Ce qui frappe parmi les opposants à l’impôt sur les ultrariches, c’est leur absence totale de perspective historique

Chronique de Thomas Piketty, le samedi 14 juin 2025
Même si le Sénat s’est prononcé contre la taxe de 2 % sur les patrimoines de plus de 100 millions d’euros, l’ampleur de la dette française et les besoins de financements liés aux défis sociaux et climatiques imposeront très vite des mesures de redistribution encore plus radicales.
Les 500 plus grandes fortunes sont passées de 200 milliards d’euros à 1 200 milliards entre 2010 et 2025, soit une progression de 500 %. Avec une taxe de 2 % par an, il faudrait un siècle pour les faire revenir à leur niveau de 2010, à supposer qu’elles ne gagnent aucun revenu dans l’intervalle. Ce qui n’a pas beaucoup de sens vu qu’elles se sont enrichies de 7 % à 8 % par an au cours des quinze dernières années.
L’exil fiscal ? La loi adoptée par l’Assemblée prévoit un premier mécanisme pour y faire face : les milliardaires continuent d’être soumis à l’impôt plancher cinq ans après leur départ, ce qui limite l’intérêt de l’exil.

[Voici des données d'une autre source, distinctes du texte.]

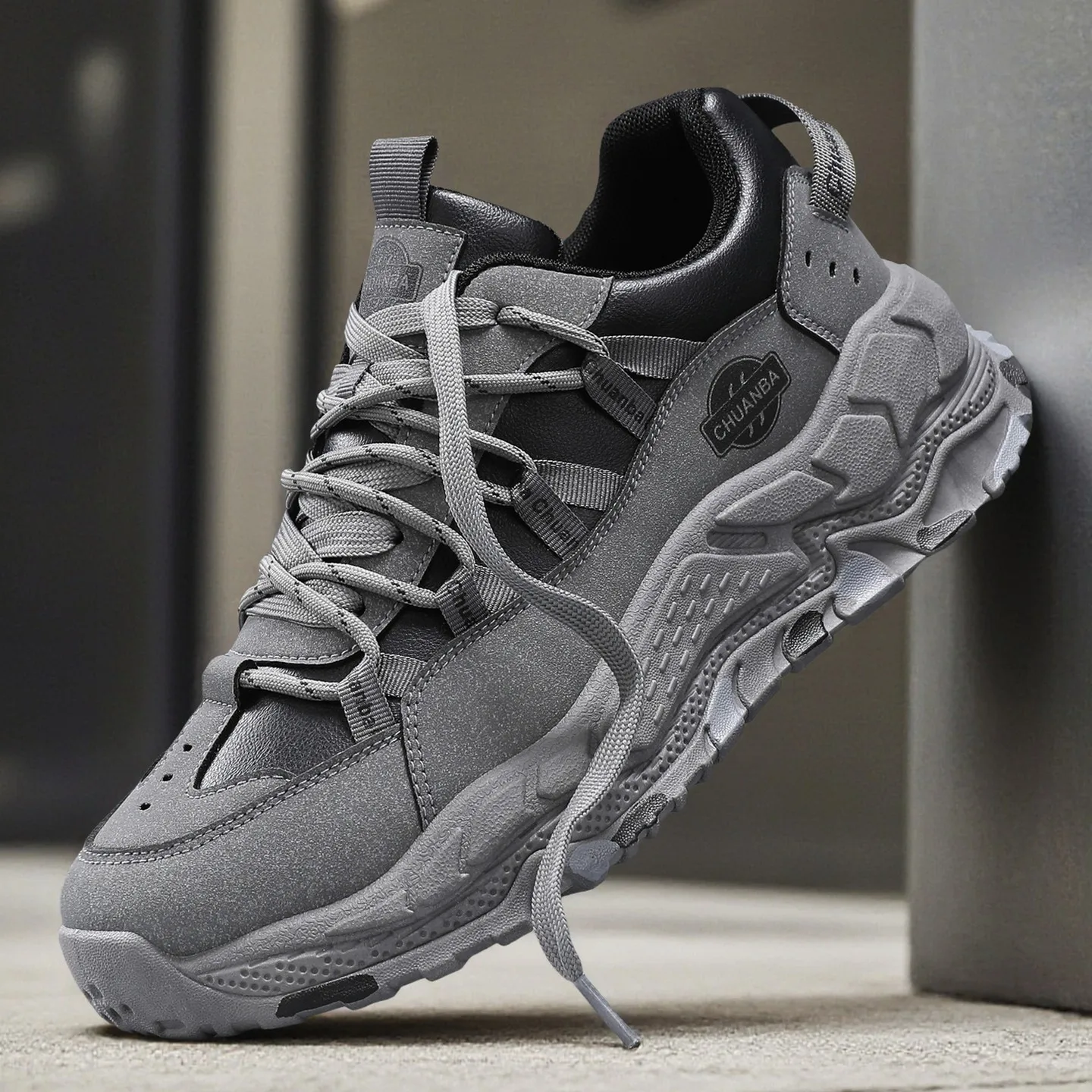 Мужская уличная походная обувь на низкой платформе — осенние новые поступления 2025 года в стиле ретро, нескользящая и износостойкая
Мужская уличная походная обувь на низкой платформе — осенние новые поступления 2025 года в стиле ретро, нескользящая и износостойкая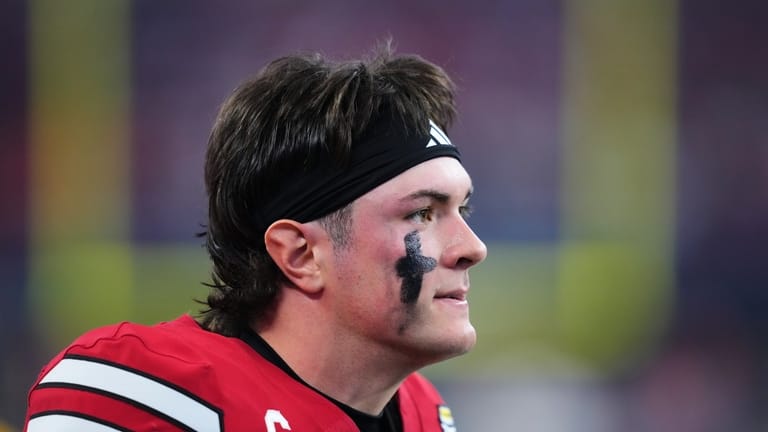 Texas Tech quarterback Behren Morton stands on the sideline in...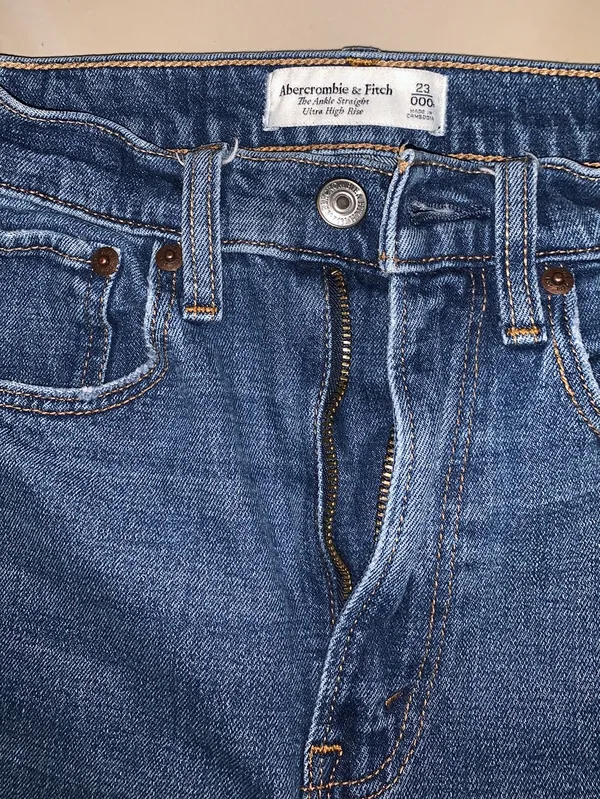 Abercrombie Ultra High Rise Ankle Straight Jeans - Image 8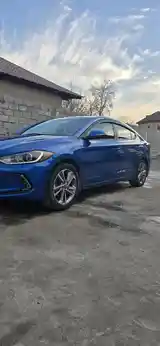 Hyundai Elantra, 2017-2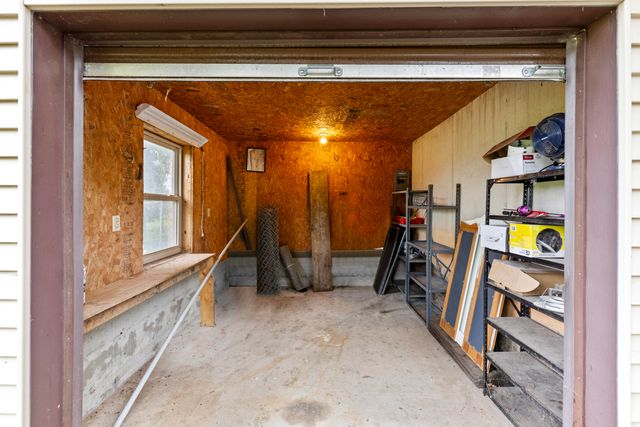 1004 White Oak Drive, El Dorado Springs, MO 64744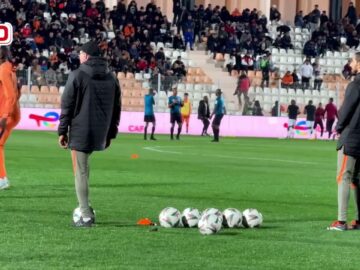 فيديو.. لاعبو بركان في حركات تسخينية قبل مباراتهم الأخيرة في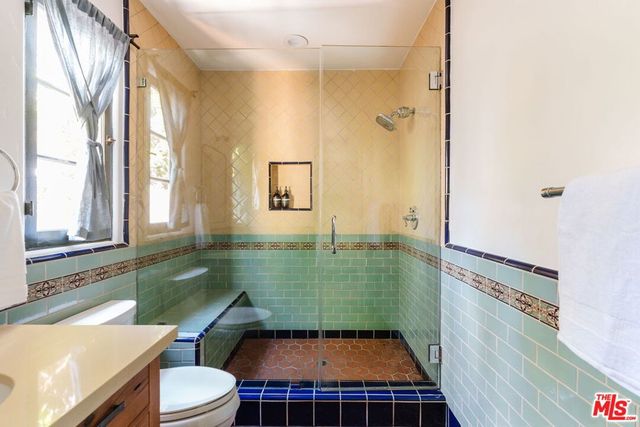 2621 E Glenoaks Boulevard, Glendale, CA 91206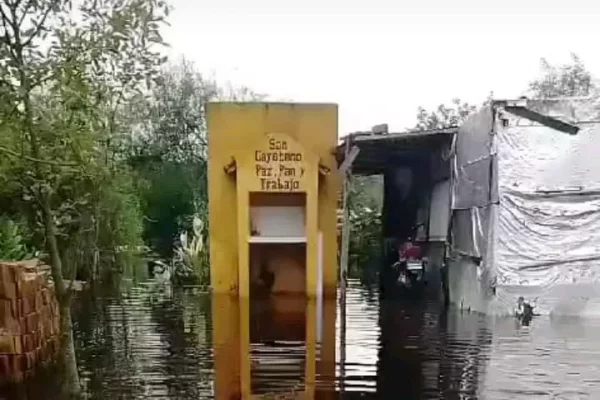 En San Luis del Palmar aumentan los evacuados tras el desborde del Riachuelo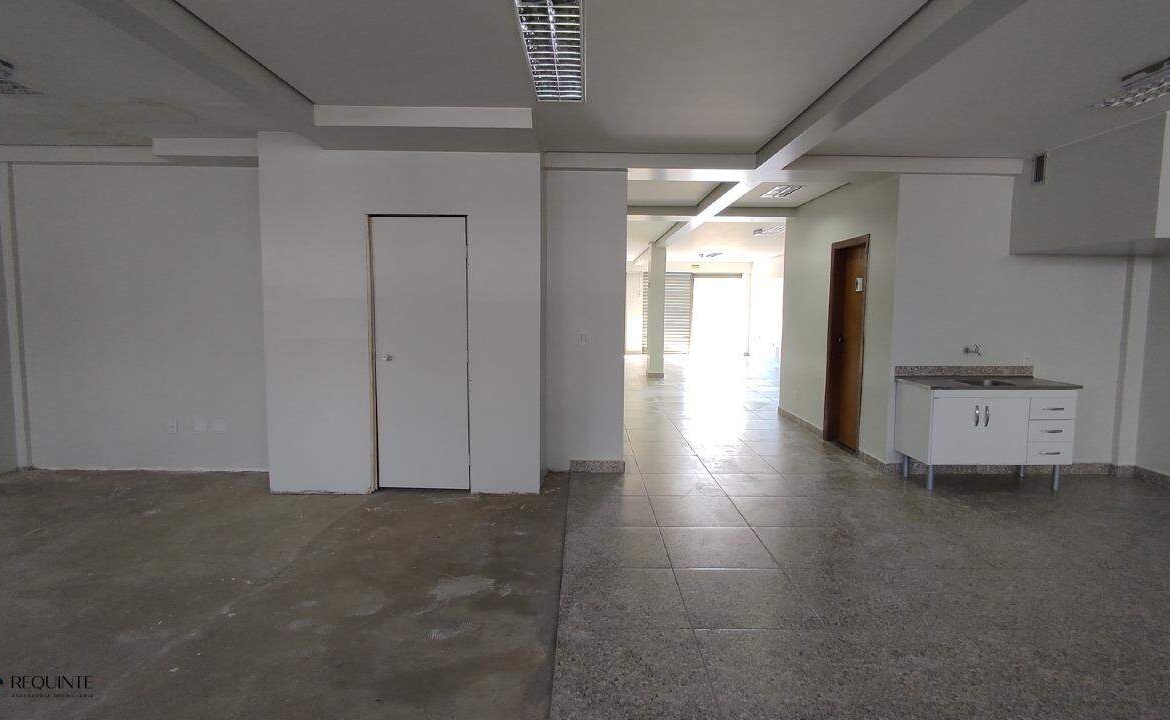 SHRF / CLS 08- Loja Térrea, frente a avenida principal 236m² Escriturada Riacho fundo I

Le risque de voir nos champions nationaux rachetés par des étrangers ? Là encore l’argument ne tient guère. La France regorge d’épargne. Si certains milliardaires ne peuvent payer cash l’impôt de 2 %, alors ils peuvent parfaitement acquitter l’impôt en titres, que l’Etat revendra à sa guise, par exemple au bénéfice des salariés intéressés.